Biofuels are liquid transportation fuels produced from crops as alternatives to petroleum-based gasoline and diesel. Biofuels demand and production is exploding globally, driven by government directives and the ambition to reduce greenhouse gas emissions.
Sustainable or unsustainable?
Biofuels have an important role to play in our transition from fossil to renewable energy sources. Produced sustainably, biofuels can help meet the global objective of reducing greenhouse gas emissions. However, the production of first-generation fuels – namely corn, rapeseed, soybean, sugarcane and palm oil – has brought along serious concerns. A lack of strict sustainability criteria is driving the destruction of tropical forests and wetlands.
The act of clearing these carbon-rich lands for biofuel plantations will emit significantly higher greenhouse gas emissions than those of fossil fuels. The large-scale conversion of natural ecosystems is harming wildlife and it has a negative impact on water resources. The first generation of biofuels is also competing with food production and as such, driving up prices. See our brochure Driving to Destruction (developed with several other NGOs) on land use impacts.
The risk to wetlands
Biofuels are a water-intensive form of energy. The biofuels boom is putting pressure on wetlands around the world. Sugarcane, soy and oil palm are water-thirsty crops that are cultivated in large plantations – making expansion into wet, sparsely populated areas of the tropics, such as wetlands, attractive. The conversion of wetlands can decrease the availability and quality of water due to pollution from eroded soils, fertilisers and pesticides.

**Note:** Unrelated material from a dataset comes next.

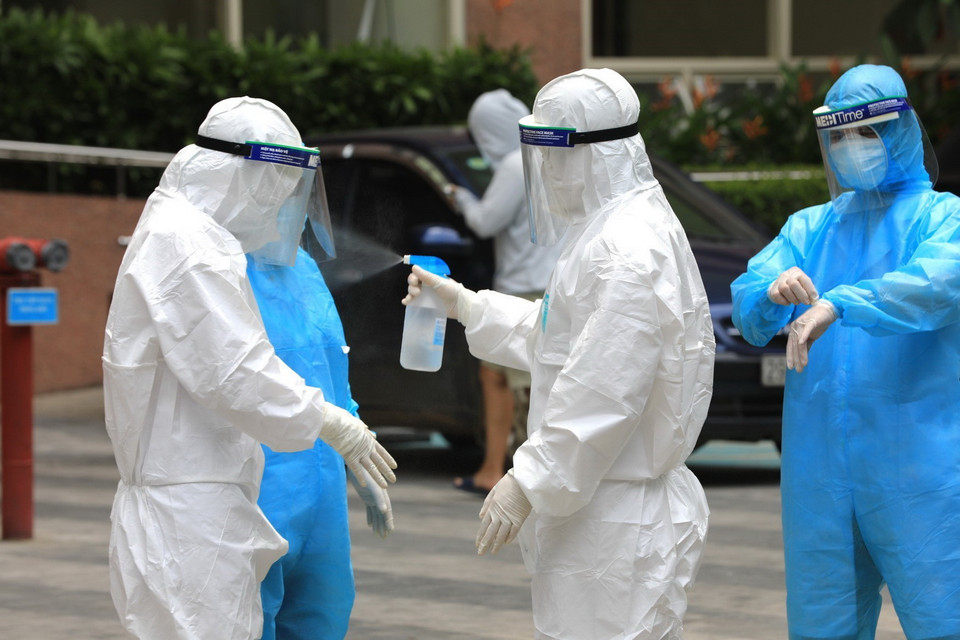  Nhân viên y tế quận Hà Đông tiến hành phun khử khuẩn toàn bộ thân thể quần áo sau khi làm nhiệm vụ xong. (Ảnh: Thành Đạt/TTXVN)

Our work preventing wetland loss from biofuels
It is essential that the production of biofuels does not lead to the conversion of natural areas and to the competition with food crops. It should also minimise the water usage and inputs of fertilisers and pesticides. Biofuels made from waste products or grown on idle/degraded lands show promise for more sustainable production and reduced emissions. Internationally enforced standards are therefore needed to ensure these benefits are realised.

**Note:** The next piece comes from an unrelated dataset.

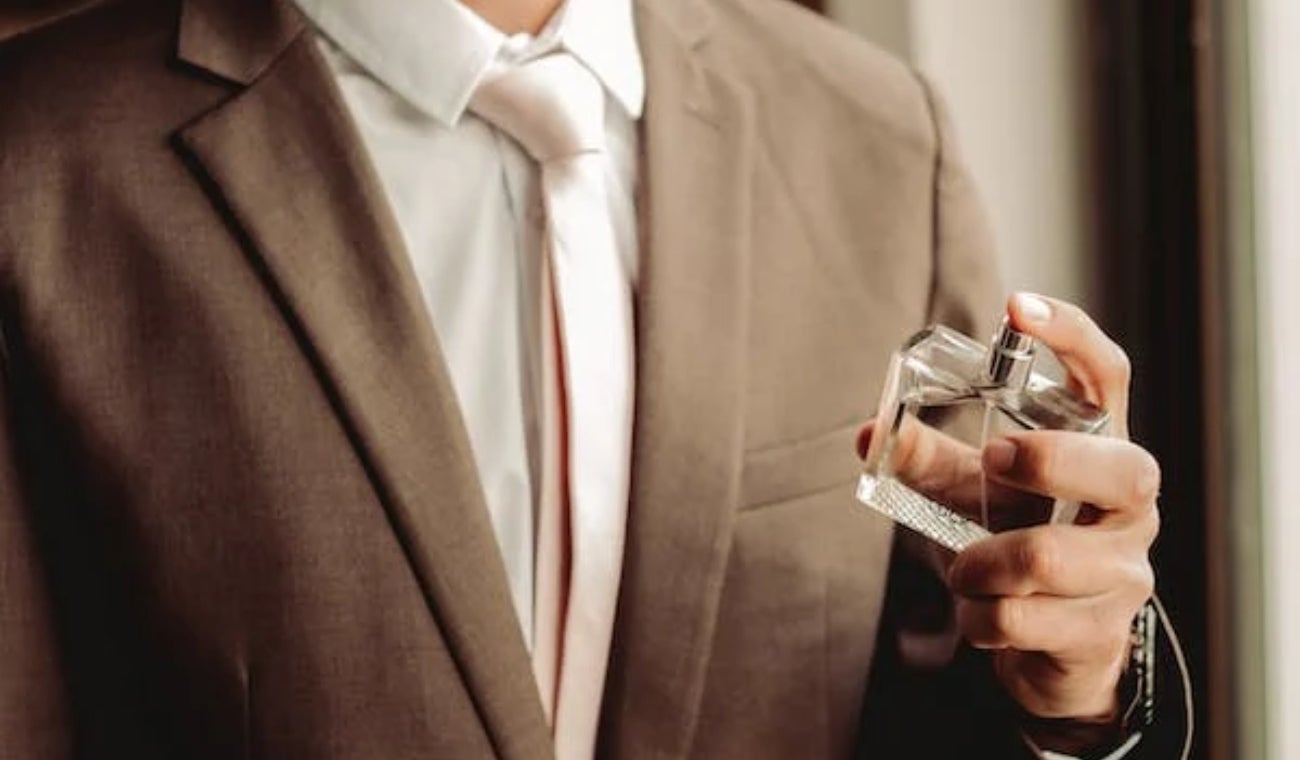Hombre aplicándose perfume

We campaign against the loss of wetlands for biofuel production, such as the Tana wetlands in Kenya which are threatened by sugarcane and jatropha and in South America where wetlands are lost and polluted by the cultivation of soy.
Our work on sustainability criteria for biofuels
Over many years, we have developed our knowledge base on the links between increased production of biofuel feedstocks and wetlands loss. See our reports Peat CO2 and Biofuels in Africa. To distinguish good biofuels from bad, we are involved in setting sound criteria for biofuel feedstock production. We played an active role in the development of the European Union’s Renewable Energy Directive. We also contributed to the criteria of the Roundtable on Sustainable Biofuels (RSB) and the Roundtable on Sustainable Palm Oil (RSPO). In the EU, RSB and RSPO, we achieved clear successes; biofuel production at the expense of wetlands and peatlands is addressed in these schemes.
- In 2010, resulting from our advocacy coordination, the EU decided that palm oil plantations would not qualify as continuously forested areas – preventing the conversion of forests to palm oil plantations
- In 2011, our report on the rapid loss of peat swamp forests for palm oil in Sarawak, Malaysia led to further loss of the ‘sustainability’ image of palm oil biofuel.
- In April 2013, the RSPO adopted a new set of Principles and Criteria, including for the production of palm oil on peat. For growers with existing plantations on peat it basically signifies the need to carry out long-term drainability assessments and to pro-actively remove these plantations well before they are hit by flooding and land loss. The RSPO also requires the avoidance of peatlands in new plantation developments and recommends reconsideration of replanting two crop cycles before the drainage limit is reached. Wetlands International has drafted a manual for growers to enable and stimulate growers to adjust their planning and practices.
We work through our Biofuels NGO Coalition in Brussels, through the RSPO and other local partners in different countries.